“I believe that in a democracy what elections are about are serious debates over serious issues,” Senator Bernie Sanders (I-Vermont) said upon announcing his presidential campaign in April 2015. He concluded with a plea to the press: “I would hope, and I ask the media’s help on this, allow us to discuss the important issues facing the American people and let’s not get hung up on political gossip or all the other soap opera aspects of modern campaigns.”

Less than two months later, Donald Trump rode his escalator into the race and promptly obliterated any possibility of the media heeding Sanders’s call. Almost immediately, the election came to resemble, if not a soap opera, a reality TV show with the incendiary former star of The Apprentice at its center. This has resulted not only in ridiculously lopsided coverage of Trump, at the expense of his rivals in both parties, but also in a lack of sustained and serious attention to the important issues of our time.

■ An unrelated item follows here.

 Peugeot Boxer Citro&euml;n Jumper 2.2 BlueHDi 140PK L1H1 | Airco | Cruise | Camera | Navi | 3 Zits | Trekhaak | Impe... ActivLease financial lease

The problem was evident as early as last summer, when political scientist John Sides argued that Trump was rising in the polls in part because “people are being bombarded with news stories” about him. But that was only the beginning. On the three major network evening newscasts, media analyst Andrew Tyndall found, Trump’s campaign was the second most heavily covered story of 2015, trailing only the weather. For the year, Trump received 327 minutes of evening network news coverage. That’s more than twice as much as former Secretary of State Hillary Clinton (121 minutes), Texas Senator Ted Cruz (21 minutes), and Sanders (20 minutes) combined.